Необходимо иметь в виду еще одно обстоятельство. Роман написан в сороковые годы нашего века — в годы, когда родина Томан а, Чехословакия, была оккупирована немецкими фашистами. Быть может, потому, что в испанской инквизиции XVII века увидел писатель аналогию фашизму, он и захотел сказать своему народу, что самые черные, самые человеконенавистнические силы лишь временно одерживают верх над разумом и светом, что им нельзя покоряться, что надо бороться против них, противопоставив мужество человечности бесчеловечной жестокости? Быть может, сопоставляя увядание некогда грозной испанской державы с разгулом чернейшей инквизиции, писатель хотел выразить мысль, что и фашизм есть не что иное, как признак слабости и обреченности того строя, который его породил? Мысль эта кажется ясной, но ясно и то, что только эзоповским языком, только путем исторических аналогий могло искусство порабощенных фашизмом стран говорить о необходимости борьбы.

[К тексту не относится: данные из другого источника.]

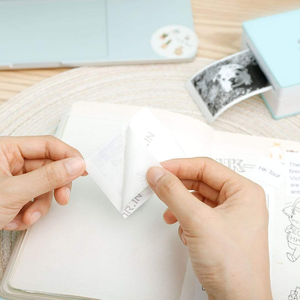 Taşınabilir yazıcı 53mm siyah beyaz etiket üzerinde <span class=keywords><strong>2</strong></span> yıl uzun ömürlü termal kağıt <span class=keywords><strong>3</strong></span> Rolls M02 serisi Mini cep yazıcı için - Product Image 4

Немецкий писатель Генрих Манн, вынужденный бежать с родины с приходом к власти гитлеризма, примерно в те же годы (несколько ранее, в конце тридцатых годов) создал большой исторический роман о французском короле Генрихе IV Бурбоне. То же обращение к средневековью, к ярчайшей и человечнейшей фигуре XVI века, к борьбе все с тем же врагом — католической церковью, инквизицией, с сильной еще испанской королевской властью (Филиппа II, деда короля Филиппа IV, действующего в романе Томана). Только у Генриха Манна, жившего в эмиграции, была возможность более прямо писать об этой борьбе. Томан, как сказано, должен был прибегать к более завуалированной форме. От этого, быть может, и выбор героев: там — прямой и непосредственный деятель, Генрих IV, здесь — частное лицо, не ставшее политическим деятелем, и безвестный монах Грегорио… Нищий монах, сожженный, однако, на костре потому, что «его страшились церковь и государство…».

Книга закрыта — и мы знаем теперь немного больше о человеческой природе, о жизни в далекой стране, в далекие времена… Нас охватывает грусть, или, лучше сказать, чувство грустного торжества, ибо мы успели полюбить Мигеля и Грегорио. Грусть оттого, что жизнь их была трудной и тяжелой; торжество — от их победы, победы человека над темными силами.